Given a result graph with probabilistic node and edge weights, our goal is then to compute, for each record, a measure of its relevance to the query. To do so we adapted techniques from network reliability theory (2 terminal or s-t reliability). These techniques were originally conceived for calculating the reliability of communication networks in the presence of connection failures. In our case we use them to calculate the relevance of query results in the presence of uncertain data and joins. The network reliability approach allows us to compute the strength of the connection, given all connecting paths in the result graph, of a result to the original query. We rank our results according to this relevance measure (UII score).
Previous UII work, involving the functional annotation of proteins, showed promising results using probabilistic methods [10, 16]. Additionally this work addressed the appropriateness of treating subjective belief measures as probabilities and demonstrated the utility of doing so on a specific biomedical data integration task. In this work we investigate whether or not this utility carries over to our current task, functional annotation of SNPs.
4. Methods - Implementation
Previous methods to probabilistic and logical inference were extended onto the SNPit system for the purpose of predicting the functional outcome of genetic polymorphisms as detailed below.
4.1. Building Logical Inference into SNPit
Basic biological principles as to where a SNP is located along the genome assisted us in the creation of logical rules based on a decision tree [12]. Where a SNP is located on the genome can impact the SNP’s role in transcription, translation, and regulation -- all of which play a role in creation of a normal amount of normally functioning protein. For example, nonsynonymous SNPs are thought to be the most damaging because they result in either a changed amino acid triplet or the production of a stop codon; the end result is a high likelihood of an abnormal pathologic phenotype (Figure 4). For a list of the logical algorithms used in our inference, please Appendix A in the Supplementary section. Local experts and the published literature were consulted during the process of creating our decision tree [17-20].
A decision tree was created based on this biological knowledge and corroborated with two SNP experts (one of whom is a co-author in this paper, CC). Heuristic weights of increasing rank and importance ranging from 1 to 4 was assigned to each node along the path of the decision tree (Figure 5). Inference rules were then created to capture this decision tree in the form of rules using a reasoning plug-in called Java Expert System Shell (Jess) [21, 22] which was incorporated into the BioMediator system. For example, Figure 6 demonstrates one such rule in Jess, in this case, the rule is fired only for nonsynonymous SNPs that are also deemed tolerant. The antecedent of the rule is a SNP that is predicted to be both coding-nonsynonymous and tolerant, and the consequent is to categorize the SNP as “coding SNP, nonsynonymous, benign” and assign it a score. Rules such as this example are then placed in working memory, and when a SNP is queried, the rules are activated and new facts represented by the rules are added to working memory. Figure 7 shows a screenshot of the logical component of SNPit, with three SNPs being ranked based on the logical inference rules described previously.
4.2. Building Probabilistic Inference into SNPit
In collaboration with SNP experts, probabilistic measures of prior belief, Ps and Qs, were assigned for each SNPit source. Appropriate functions were also determined for computing posterior belief values, Pr and Qr.
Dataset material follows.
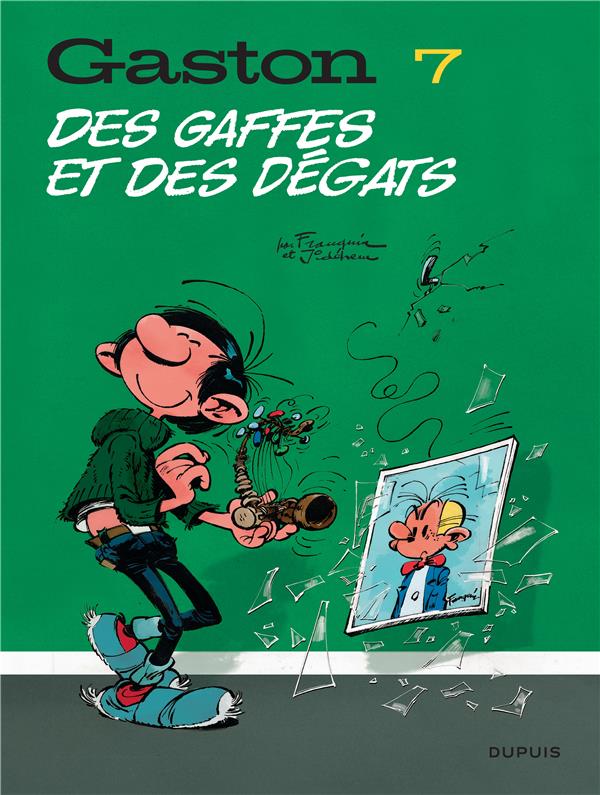 Gaston Tome 7 : Des gaffes et des dégats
Table 2 describes the assignments of Ps and Pr for the SNPit data sources (see 3.3 for definition of Ps and Pr).
Table 2.
Source | Entity | Ps (a priori belief in how good a node is) | Rationale | Pr (post belief after the record is examined) | Rationale |
---|---|---|---|---|---|
dbSNP | SNP | 0.9 |
|
depends |
|
dbSNP | Allele | 0.9 |
|
depends | |
dbSNP | Allele Frequency | 0.9 | depends | ||
dbSNP | Population | 0.9 | depends | ||
dbSNP | Population Group | 0.9 | depends | ||
EntrezGene | Gene | 0.95 |
|
||
TRANSFAC | Transcription Factor Binding | 0.7 |
|
||
TRANSFAC | TFRecord | 0.7 | |||
BDGP | Splice Site | 0.8 |
|
||
HGMD | Human Gene Mutation | 0.8 |
|
||
Haplotter | Positive Selection Evidence | 0.8 |
|
||
SIFT | Protein Function Prediction | 0.85 |
|
||
GVS | Linkage Disequilibrium | 0.95 |
|
||
UCSC | Gene Prediction | 0.8 | |||
UCSC | Tissue Expression | 0.85 |
|
||
UCSC | Tissue Expression Score | 0.8 | |||
UCSC | Evolutionary Conservation | 0.8 | |||
UCSC | Evolutionary Conservation Score |
In the previous application of UII (Uncertainty in Information Integration project), functional annotation of proteins, P and Q measures were computed on a per-record basis, based solely on the data found within the record, independent of other results. For our SNPit application, however, computing P values for SNP records required knowledge external to the record itself. In part this was because we required our belief in a SNP record to reflect not just our belief in its correctness, but also our belief in its functional potential (ability to affect phenotypic outcomes). Determining a SNP’s functional potential required examining the neighbouring results in the result graph. Figure 8 shows an example SNP result graph demonstrating its clustered topology. A cluster of attribute records, further describing the SNP, surrounds each SNP record. We modified the existing UII protocol to include an additional pre-processing step augmenting the Pr value for each SNP record based on its neighbouring results.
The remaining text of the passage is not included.